DIRECTIONS FOR THIS TASK
The material below has pictures in it. Set down only the lines from the line containing "Men's Breathable Mesh" through the line containing "Poster abstract marbled", word for word, and leave the pictures behind.

MATERIAL SHOWN
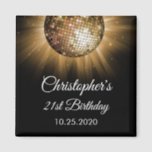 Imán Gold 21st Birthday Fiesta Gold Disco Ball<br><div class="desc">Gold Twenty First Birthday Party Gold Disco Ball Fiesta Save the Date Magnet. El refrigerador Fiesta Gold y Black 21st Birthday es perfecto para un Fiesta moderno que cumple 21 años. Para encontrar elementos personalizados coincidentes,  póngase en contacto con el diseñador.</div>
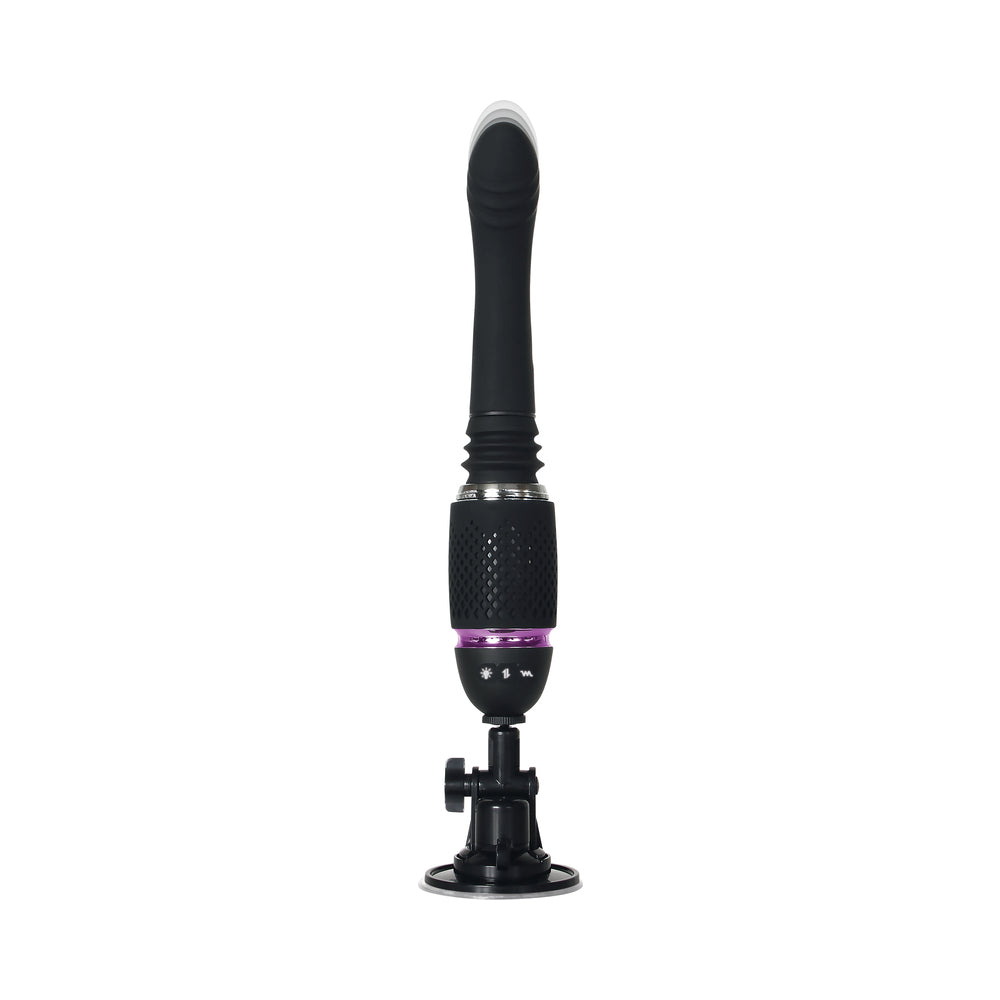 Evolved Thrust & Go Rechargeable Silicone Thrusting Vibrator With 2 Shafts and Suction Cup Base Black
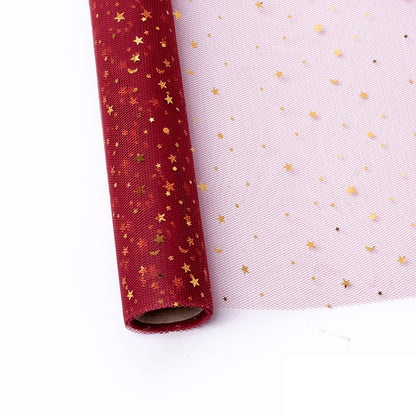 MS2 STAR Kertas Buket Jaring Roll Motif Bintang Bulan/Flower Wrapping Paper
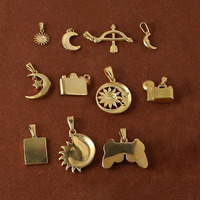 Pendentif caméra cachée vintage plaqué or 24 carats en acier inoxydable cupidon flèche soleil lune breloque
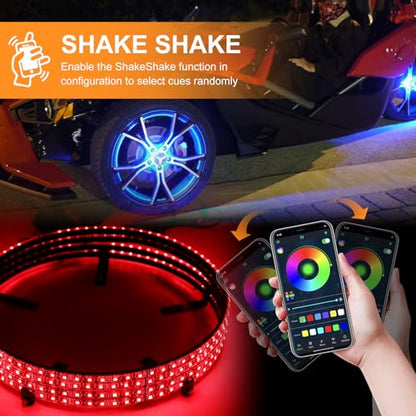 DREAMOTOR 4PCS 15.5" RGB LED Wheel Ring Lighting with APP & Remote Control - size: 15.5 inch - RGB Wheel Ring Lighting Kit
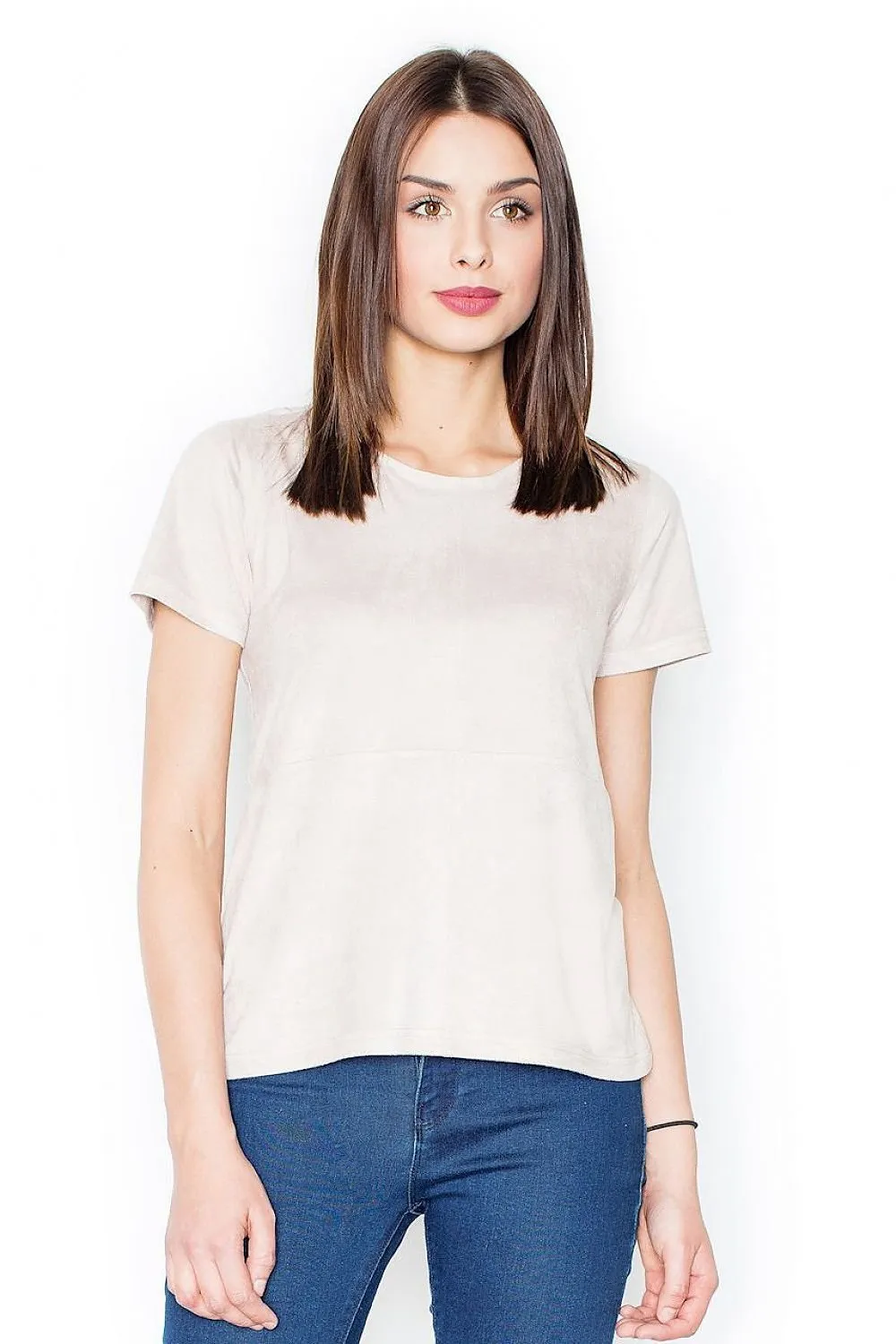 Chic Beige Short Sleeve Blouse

...

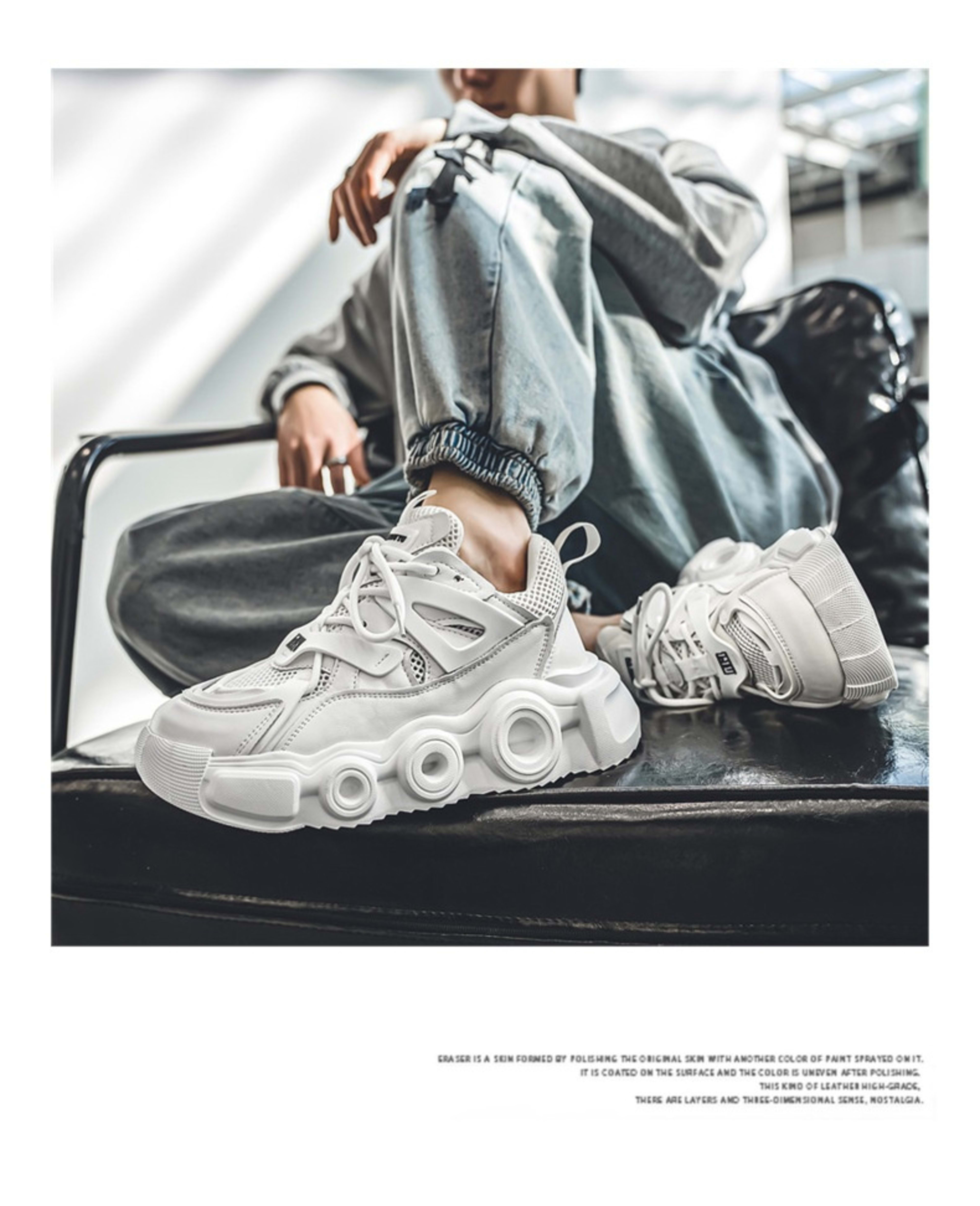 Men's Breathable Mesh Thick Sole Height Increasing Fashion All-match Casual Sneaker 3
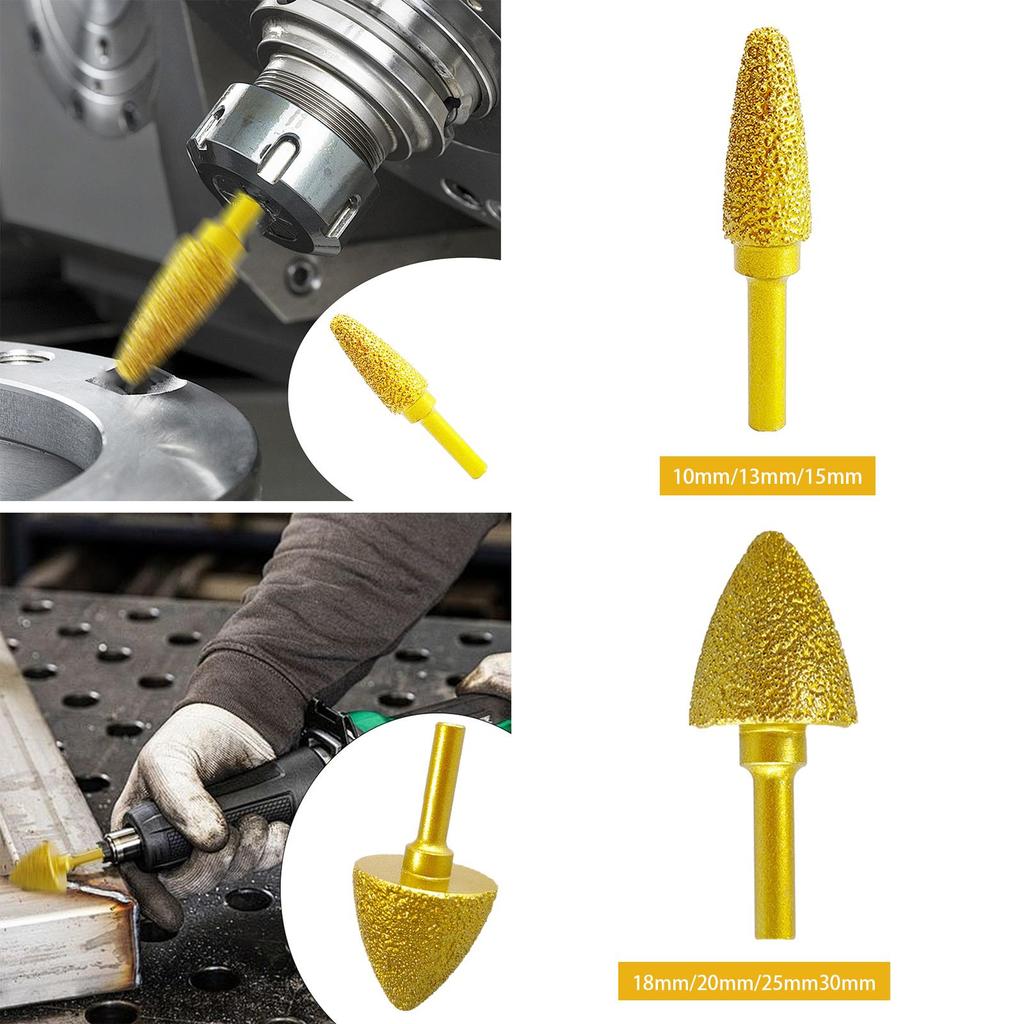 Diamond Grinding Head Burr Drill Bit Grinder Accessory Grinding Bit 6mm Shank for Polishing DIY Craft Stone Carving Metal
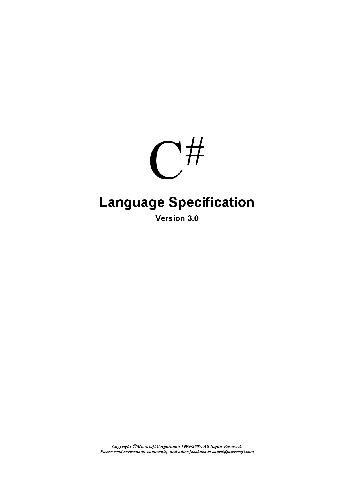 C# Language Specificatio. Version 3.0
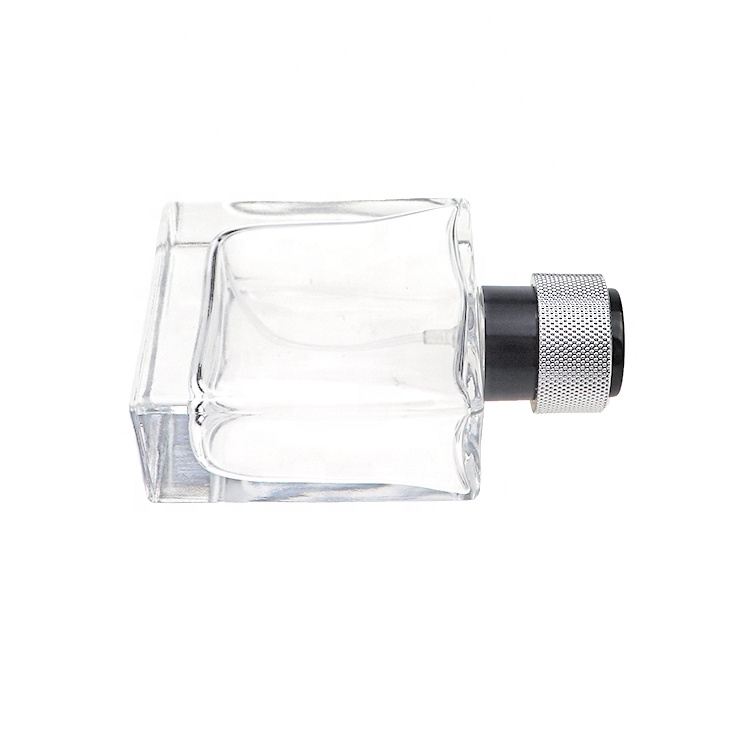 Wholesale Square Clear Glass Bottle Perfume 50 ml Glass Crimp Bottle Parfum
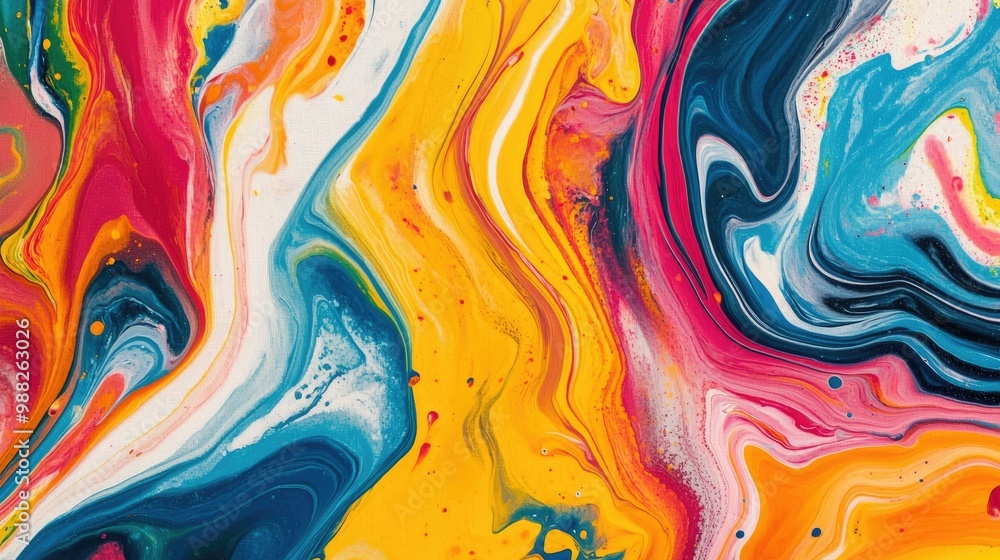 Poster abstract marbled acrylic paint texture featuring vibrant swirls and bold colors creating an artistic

ANSWER SPACE
 Men's Breathable Mesh Thick Sole Height Increasing Fashion All-match Casual Sneaker 3
 Diamond Grinding Head Burr Drill Bit Grinder Accessory Grinding Bit 6mm Shank for Polishing DIY Craft Stone Carving Metal
 C# Language Specificatio. Version 3.0
 Wholesale Square Clear Glass Bottle Perfume 50 ml Glass Crimp Bottle Parfum
 Poster abstract marbled acrylic paint texture featuring vibrant swirls and bold colors creating an artistic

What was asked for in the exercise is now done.